Las calles despedían olor. Yo llevé impregnado el olor a humo de leña en mi cazadora durante una semana. Abría el ropero de la habitación y desprendía una fragancia positiva, porque el olor a humo generaba recuerdos potentes, saludables, a fiesta, en aquella ocasión a San Antonio Abad y Santa Águeda.

Era una fiesta de interés turístico autonómico. El arroz era el cereal más consumido en la dieta mediterránea. El mar aportaba a la paella pescados y mariscos (salmonetes, anguilas, sardinas, galeras, doradas, langostinos), y la huerta de la zona cooperaba en el guiso con setas, alcachofas, judías verdes, judías blancas, garrofó fresco o seco, tomate, ramitas de romero, azafrán, y pimentón rojo en polvo. No faltaban las carnes, principalmente de conejo, que combinaba con los demás ingredientes. Casi todas las paellas se guisaban con arroz tipo bomba de grano mediano y redondo, perlado, propio de esta zona, aunque otros preferían la variedad Sénia o J. Sendrá que tenía mucha intensidad de sabor. Había probado muchos tipos de arroz en otros pueblos y ciudades de la costa valenciana y alicantina, especialmente el arroz a banda que era una de mis recetas preferidas. Pero el guiso de esta fiesta era la paella.
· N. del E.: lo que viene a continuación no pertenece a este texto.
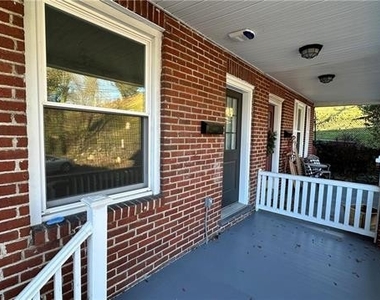 912 Porter Street - Photo Thumbnail 3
Había mesas corridas en la calzada para las familias. Cada grupo cocinaba para su peña. Así que me acerqué a uno que me admitió abonando una entrada de acceso. Disfruté viendo los preparativos en aquella paellera gigante donde el paellero encargado navegaba con un remo dando vueltas al sofrito de alimentos cortados en pedacitos para potenciar el sabor. Todas las paelleras burbujeaban en humaredas de cortos vuelos que densificaban de grises el aire arremolinado de las calles.

Sentados en mesas, o bien de pie, con utensilios de plástico (platos y cubiertos), llegó la hora de la degustación. Saboreé el arroz con preferencia el socarrat y en mi afán de compararlo con otros guisos probados anteriormente (arroz con costra ilicitano, a banda alicantino, de marisco valenciano, fideuás catalanas, etc.) esta paella rozaba la excelencia. La Fiesta del Arroz de Benicàssim, popular, como un acto social entrañable, fue una experiencia de sabor caramelizado, tiznada de color y de fragancia amaderada y torrada. Terminé con un paseo por la playa amplia y tranquila y me dije que después del ruido de la mañana sería bueno hacer un retiro espiritual en el Desierto de las Palmas. A lo mejor un día lo hago.